### About this task
Reproduce, from the line containing "SURFNAV Students Use Signal Flags" to the last line of the material, every line exactly.
-*-*-
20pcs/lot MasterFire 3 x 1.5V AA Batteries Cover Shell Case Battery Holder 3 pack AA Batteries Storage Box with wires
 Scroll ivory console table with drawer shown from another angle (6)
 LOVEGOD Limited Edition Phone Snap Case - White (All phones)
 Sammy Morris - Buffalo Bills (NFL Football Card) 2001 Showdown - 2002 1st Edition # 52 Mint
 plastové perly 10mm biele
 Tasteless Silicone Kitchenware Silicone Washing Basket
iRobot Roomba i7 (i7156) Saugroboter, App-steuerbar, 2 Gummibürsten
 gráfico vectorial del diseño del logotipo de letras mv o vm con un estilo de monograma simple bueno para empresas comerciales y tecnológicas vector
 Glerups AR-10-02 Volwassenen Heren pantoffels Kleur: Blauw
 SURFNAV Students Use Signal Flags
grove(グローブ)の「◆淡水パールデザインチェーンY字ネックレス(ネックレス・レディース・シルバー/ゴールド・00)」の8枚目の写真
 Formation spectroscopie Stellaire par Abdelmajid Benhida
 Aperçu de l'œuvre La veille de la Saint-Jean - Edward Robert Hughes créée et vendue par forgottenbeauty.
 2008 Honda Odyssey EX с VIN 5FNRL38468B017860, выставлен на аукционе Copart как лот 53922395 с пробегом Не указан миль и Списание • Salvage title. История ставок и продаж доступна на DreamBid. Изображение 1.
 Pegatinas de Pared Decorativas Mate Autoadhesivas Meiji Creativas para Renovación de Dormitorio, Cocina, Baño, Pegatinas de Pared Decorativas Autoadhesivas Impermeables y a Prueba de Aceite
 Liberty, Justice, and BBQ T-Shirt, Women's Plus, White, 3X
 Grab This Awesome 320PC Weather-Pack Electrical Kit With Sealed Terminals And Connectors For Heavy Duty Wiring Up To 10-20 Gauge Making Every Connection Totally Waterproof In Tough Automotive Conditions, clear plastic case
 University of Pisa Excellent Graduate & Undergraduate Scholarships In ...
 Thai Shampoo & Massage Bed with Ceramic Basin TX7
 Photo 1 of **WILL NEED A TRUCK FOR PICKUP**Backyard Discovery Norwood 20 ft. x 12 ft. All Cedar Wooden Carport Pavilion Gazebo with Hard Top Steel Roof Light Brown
-*-*-
### Exercise response
 SURFNAV Students Use Signal Flags
grove(グローブ)の「◆淡水パールデザインチェーンY字ネックレス(ネックレス・レディース・シルバー/ゴールド・00)」の8枚目の写真
 Formation spectroscopie Stellaire par Abdelmajid Benhida
 Aperçu de l'œuvre La veille de la Saint-Jean - Edward Robert Hughes créée et vendue par forgottenbeauty.
 2008 Honda Odyssey EX с VIN 5FNRL38468B017860, выставлен на аукционе Copart как лот 53922395 с пробегом Не указан миль и Списание • Salvage title. История ставок и продаж доступна на DreamBid. Изображение 1.
 Pegatinas de Pared Decorativas Mate Autoadhesivas Meiji Creativas para Renovación de Dormitorio, Cocina, Baño, Pegatinas de Pared Decorativas Autoadhesivas Impermeables y a Prueba de Aceite
 Liberty, Justice, and BBQ T-Shirt, Women's Plus, White, 3X
 Grab This Awesome 320PC Weather-Pack Electrical Kit With Sealed Terminals And Connectors For Heavy Duty Wiring Up To 10-20 Gauge Making Every Connection Totally Waterproof In Tough Automotive Conditions, clear plastic case
 University of Pisa Excellent Graduate & Undergraduate Scholarships In ...
 Thai Shampoo & Massage Bed with Ceramic Basin TX7
 Photo 1 of **WILL NEED A TRUCK FOR PICKUP**Backyard Discovery Norwood 20 ft. x 12 ft. All Cedar Wooden Carport Pavilion Gazebo with Hard Top Steel Roof Light Brown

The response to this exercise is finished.